> _About this task_
Every picture stays out; everything else in the listing below is to be returned exactly.

> _Data to examine_

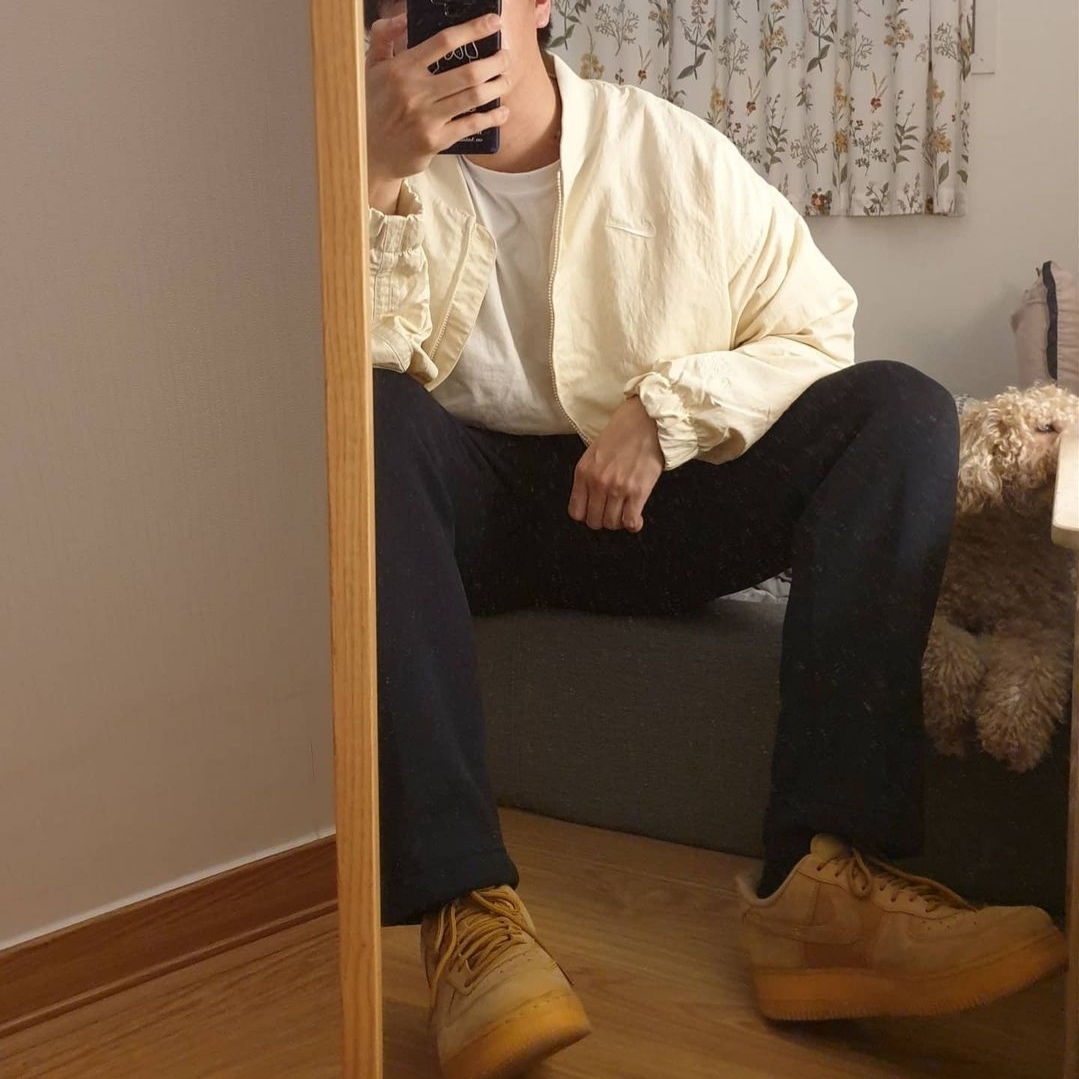 Nike x Fear of God Basketball Jacket String, Nike Air Force 1 Low Flax 착용 스타일 - 1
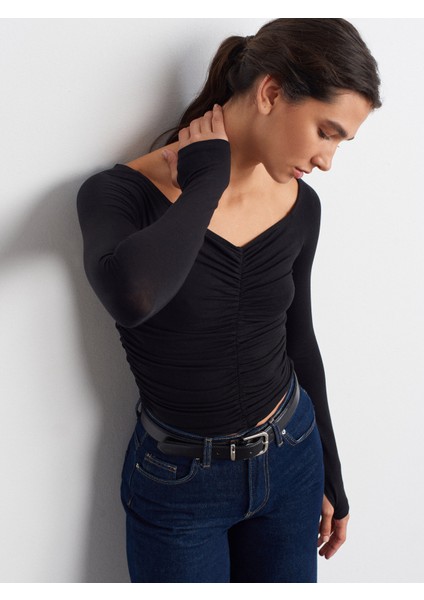 32089 Omuzları Açık Büzgülü Top-Siyah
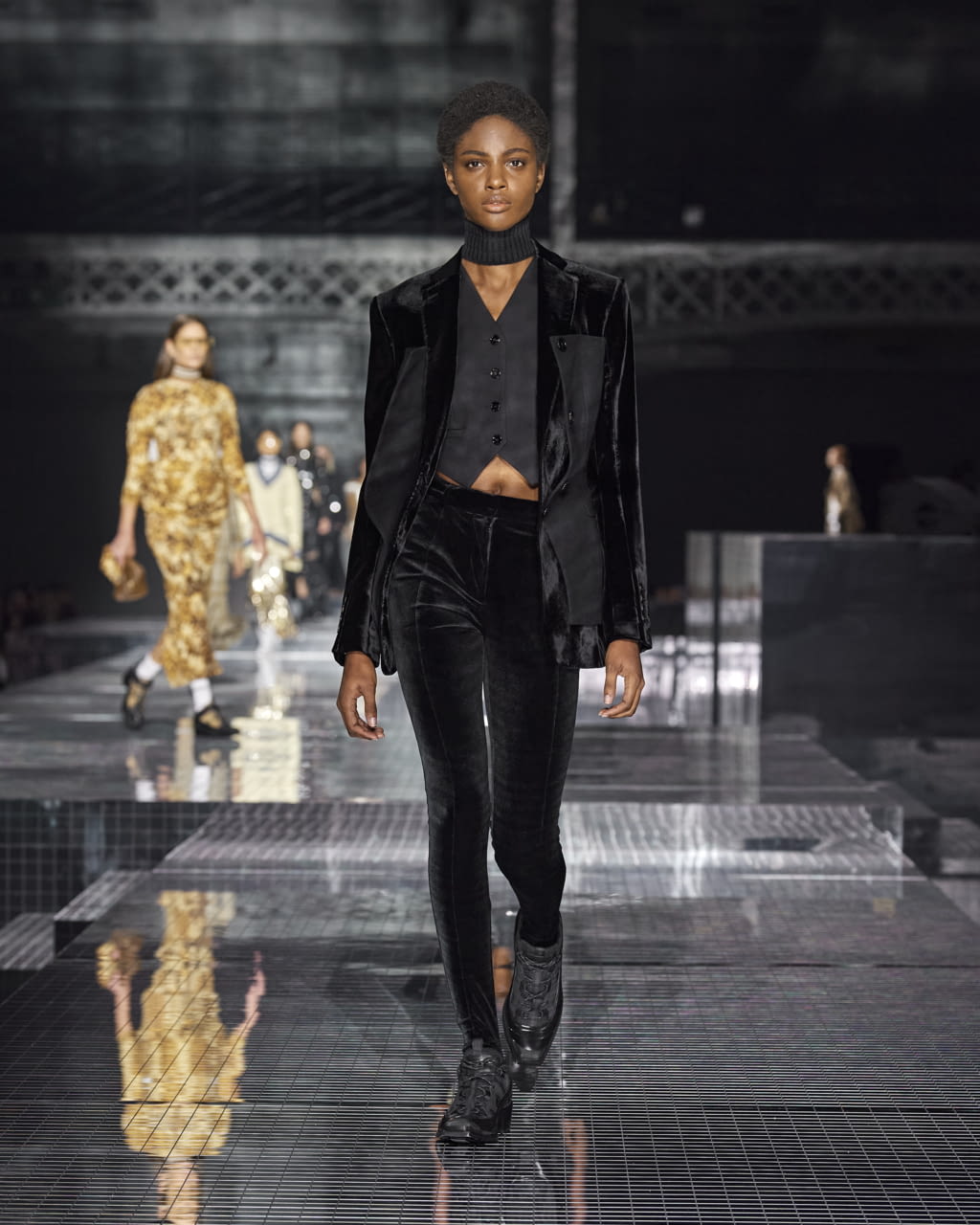 Fashion Week London Fall/Winter 2020 look 99 de la collection Burberry womenswear
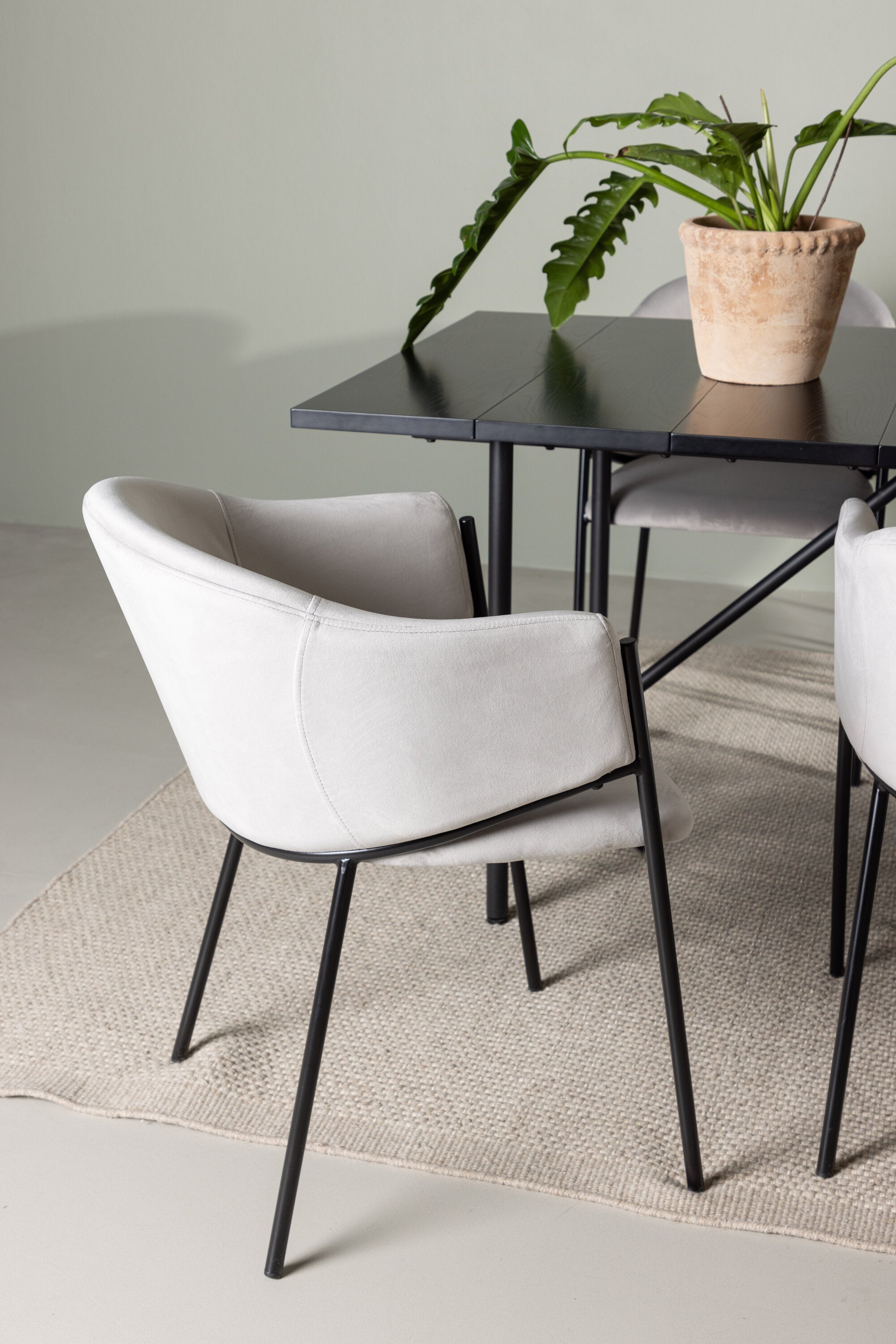 Matgrupp Astrid med stolarna Evelina-GR Dining Set-Venture Home-peaceofhome.se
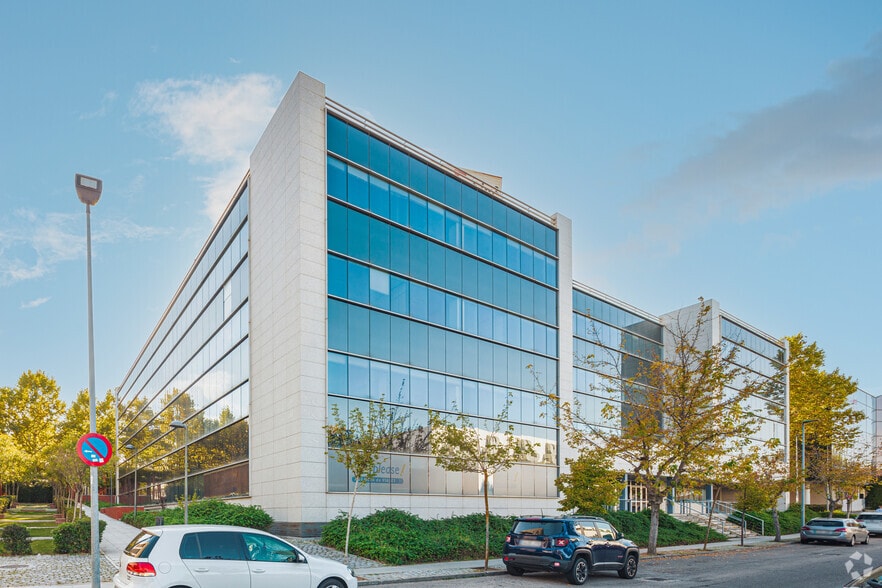 Calle Isla del Hierro, 3, San Sebastián de los Reyes, Madrid en alquiler - Foto del edificio - Imagen 3 de 24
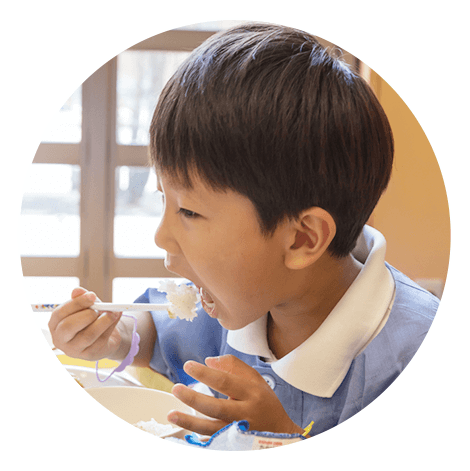 ご飯を食べる幼稚園児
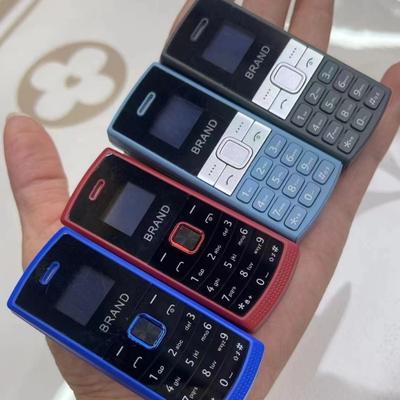 Hot-selling Mini Mobile Phone Ultra-small Dual Card Dual Standby Straight Button Spare Machine
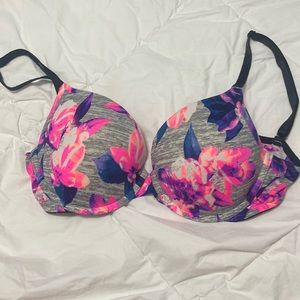 PINK Victoria’s Secret 34D bra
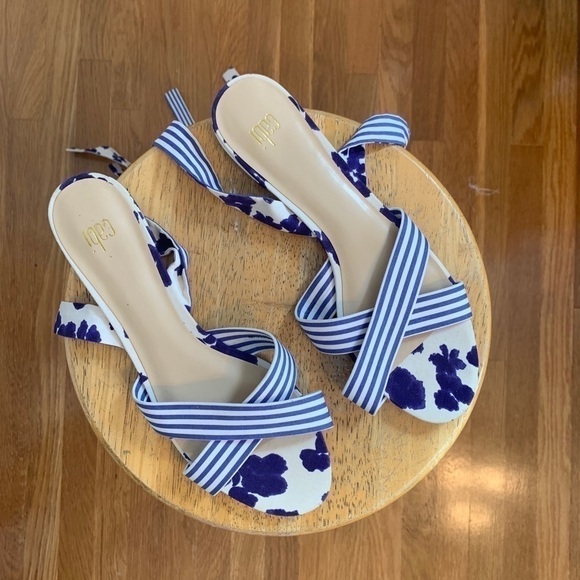 CABI Blue & White Lace Up Floral Sandals size 10 - Picture 5 of 8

> _Exercise solution_
 Nike x Fear of God Basketball Jacket String, Nike Air Force 1 Low Flax 착용 스타일 - 1
 32089 Omuzları Açık Büzgülü Top-Siyah
 Fashion Week London Fall/Winter 2020 look 99 de la collection Burberry womenswear
 Matgrupp Astrid med stolarna Evelina-GR Dining Set-Venture Home-peaceofhome.se
 Calle Isla del Hierro, 3, San Sebastián de los Reyes, Madrid en alquiler - Foto del edificio - Imagen 3 de 24
 ご飯を食べる幼稚園児
 Hot-selling Mini Mobile Phone Ultra-small Dual Card Dual Standby Straight Button Spare Machine
 PINK Victoria’s Secret 34D bra
 CABI Blue & White Lace Up Floral Sandals size 10 - Picture 5 of 8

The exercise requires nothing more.